How to complete this task:
Output the entries that follow character for character. Leave every image out.

[Data entries]
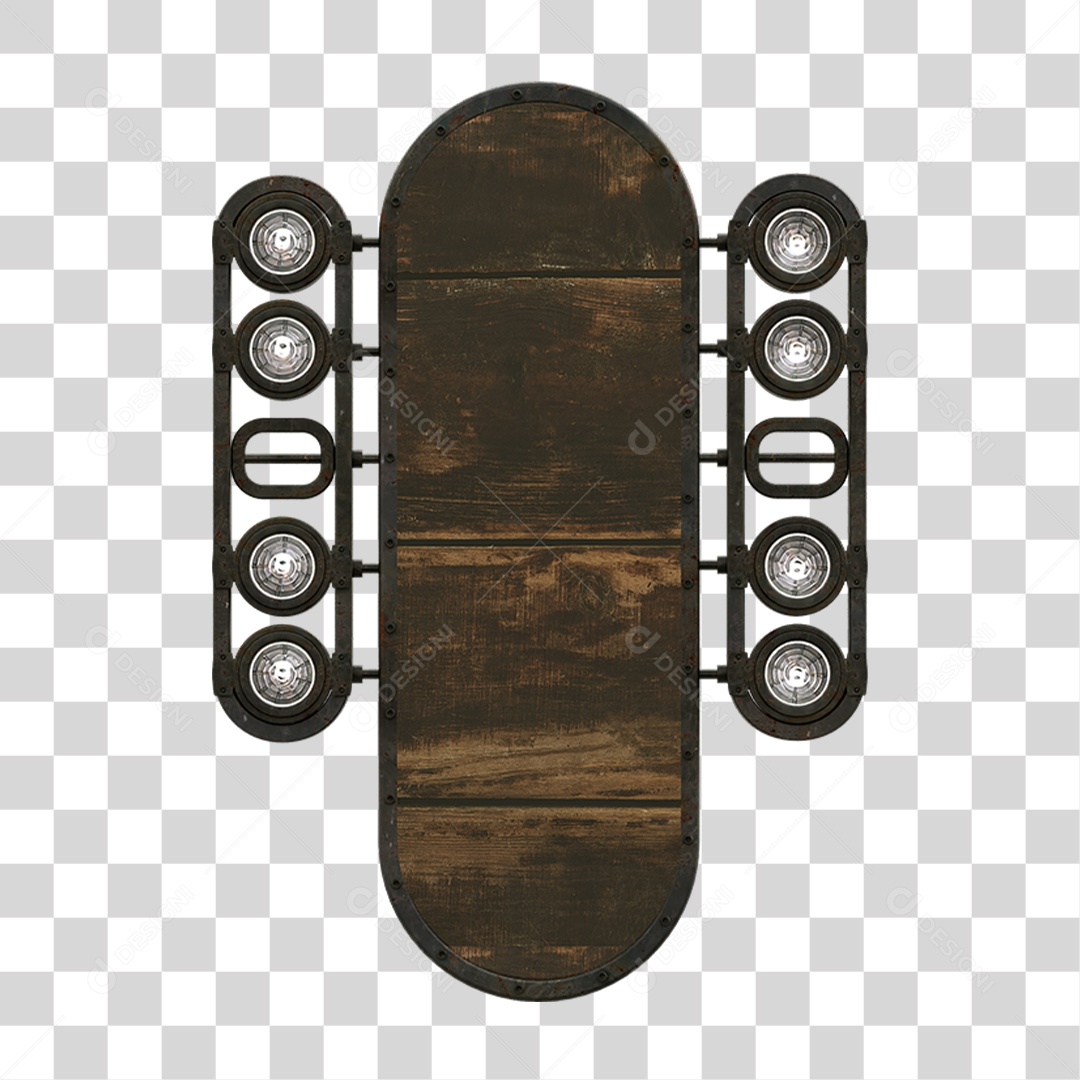 Painel de Metal com Led PNG Transparente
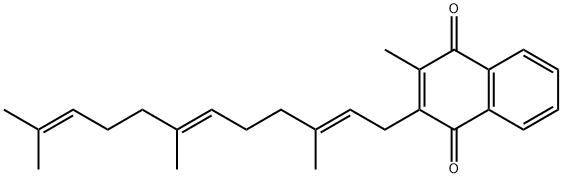 2-Methyl-3-[(2E,6E)-3,7,11-trimethyl-2,6,10-dodecatrienyl]-1,4-naphthalenedione Structure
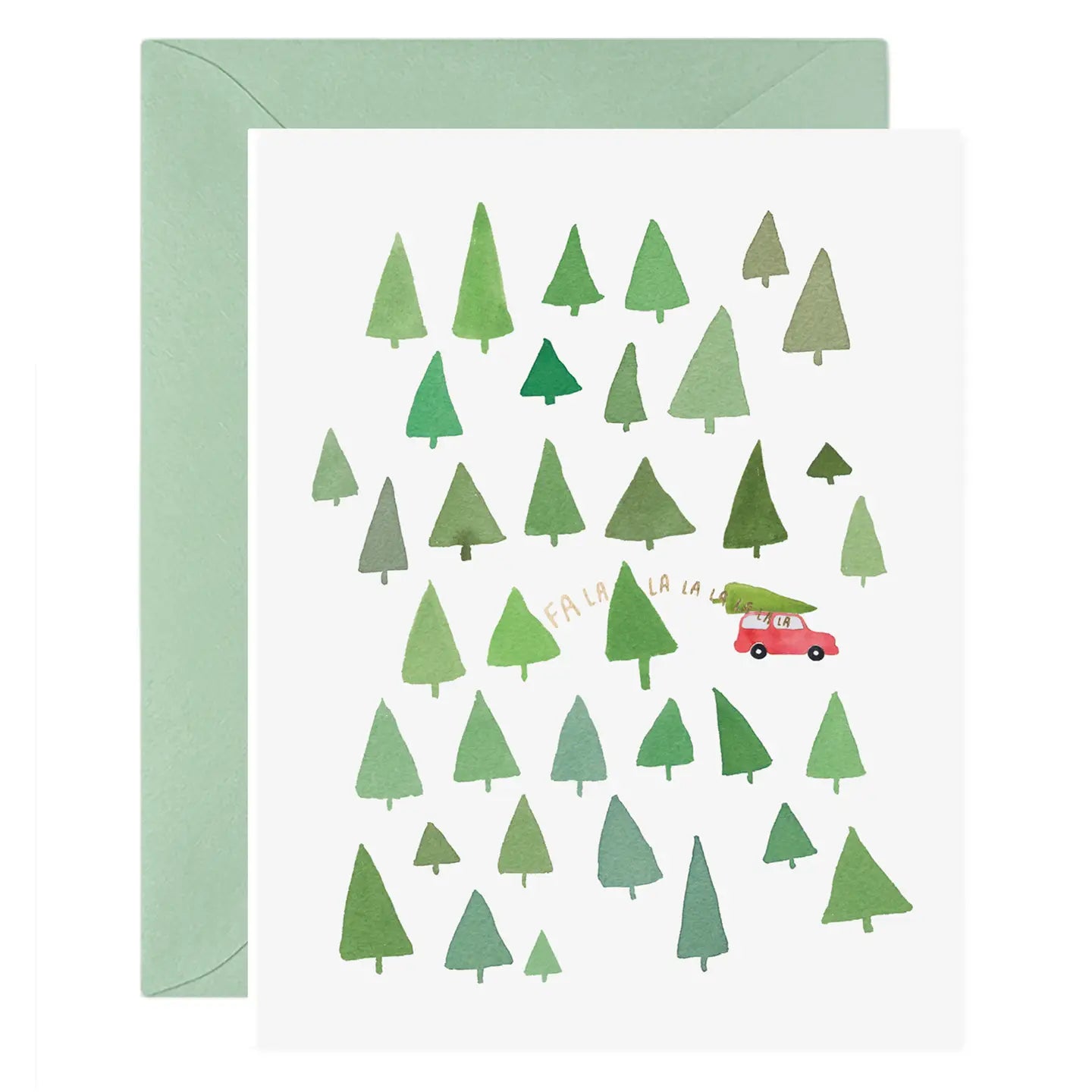 Fa La La La La Trees Holiday Greeting Card Boxed Set - Set of 6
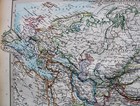 Stielers Hand Atlas  World Map Plate Page No 55 Asia 1888 Vintage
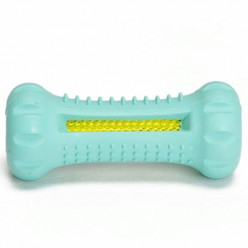 Игрушка - резиновый гантель, бирюзовый, 13 см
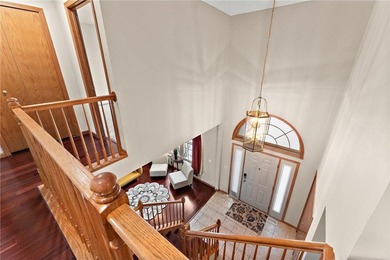 Sun-filled and magnificent, this impressive two-story on Eagle Valley Golf Course in Minnesota - for sale on GolfHomes.com, golf home, golf lot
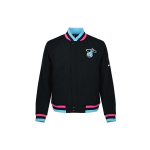 Nike Nba Miami Heat Jakk Meeste &Uuml;ler&otilde;ivad Must AH5285-010 S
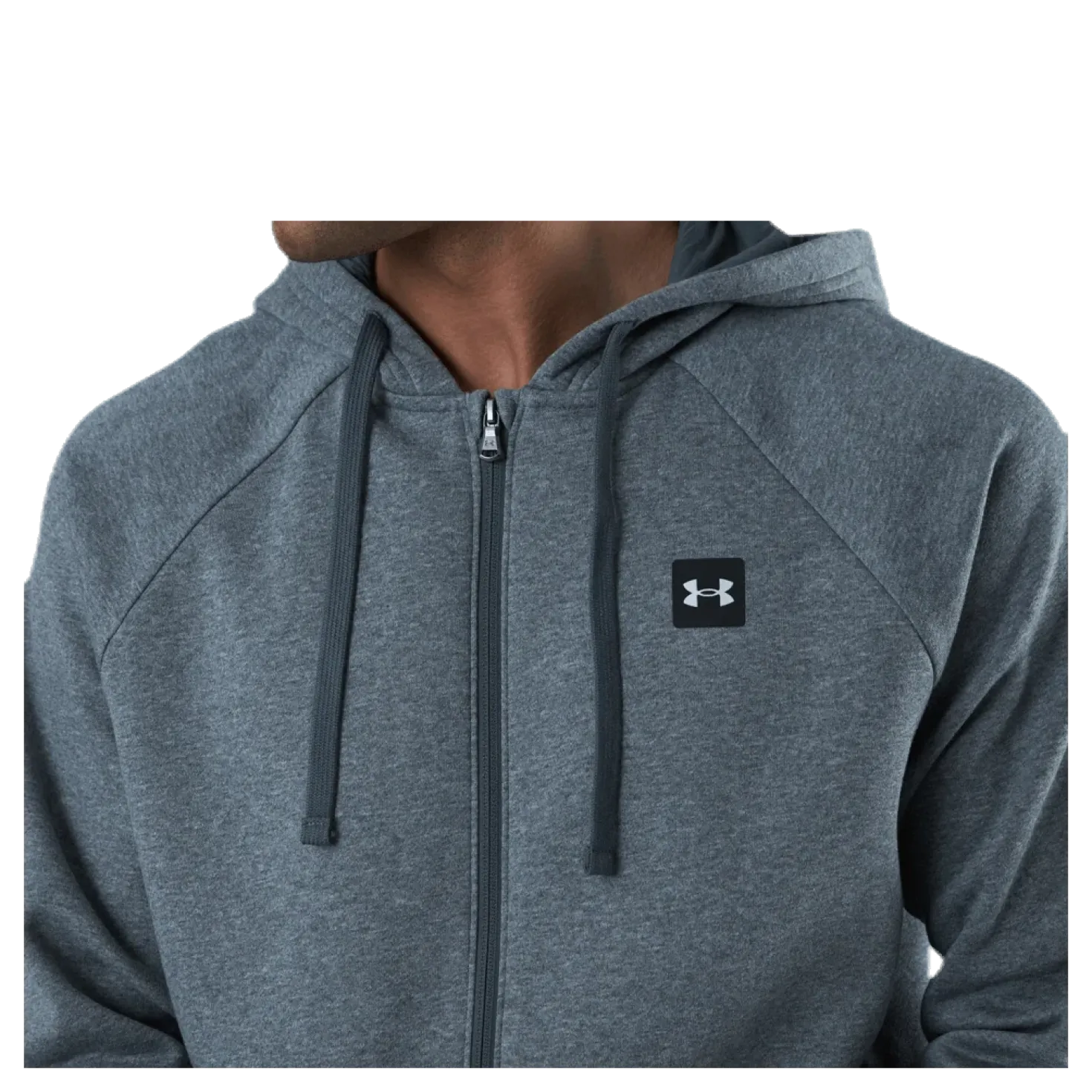Rival Fleece Fz Hoodie Grey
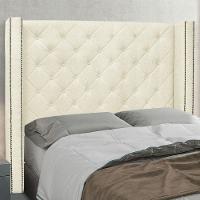 Cabeceira Queen 1,60M Vicenza Linho Rústico Pallazio Pérola - 4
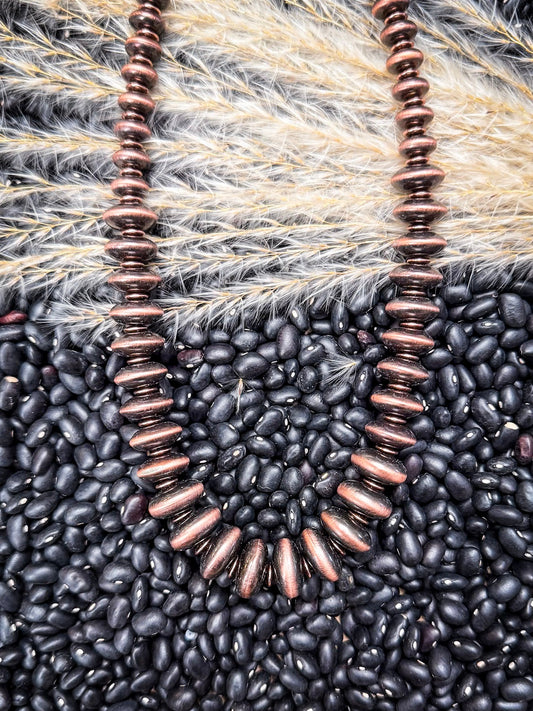 Lenora Navajo Style Beaded Fashion Necklace - Copper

Answer below:
 Painel de Metal com Led PNG Transparente
 2-Methyl-3-[(2E,6E)-3,7,11-trimethyl-2,6,10-dodecatrienyl]-1,4-naphthalenedione Structure
 Fa La La La La Trees Holiday Greeting Card Boxed Set - Set of 6
 Stielers Hand Atlas  World Map Plate Page No 55 Asia 1888 Vintage
 Игрушка - резиновый гантель, бирюзовый, 13 см
 Sun-filled and magnificent, this impressive two-story on Eagle Valley Golf Course in Minnesota - for sale on GolfHomes.com, golf home, golf lot
 Nike Nba Miami Heat Jakk Meeste &Uuml;ler&otilde;ivad Must AH5285-010 S
Rival Fleece Fz Hoodie Grey
 Cabeceira Queen 1,60M Vicenza Linho Rústico Pallazio Pérola - 4
 Lenora Navajo Style Beaded Fashion Necklace - Copper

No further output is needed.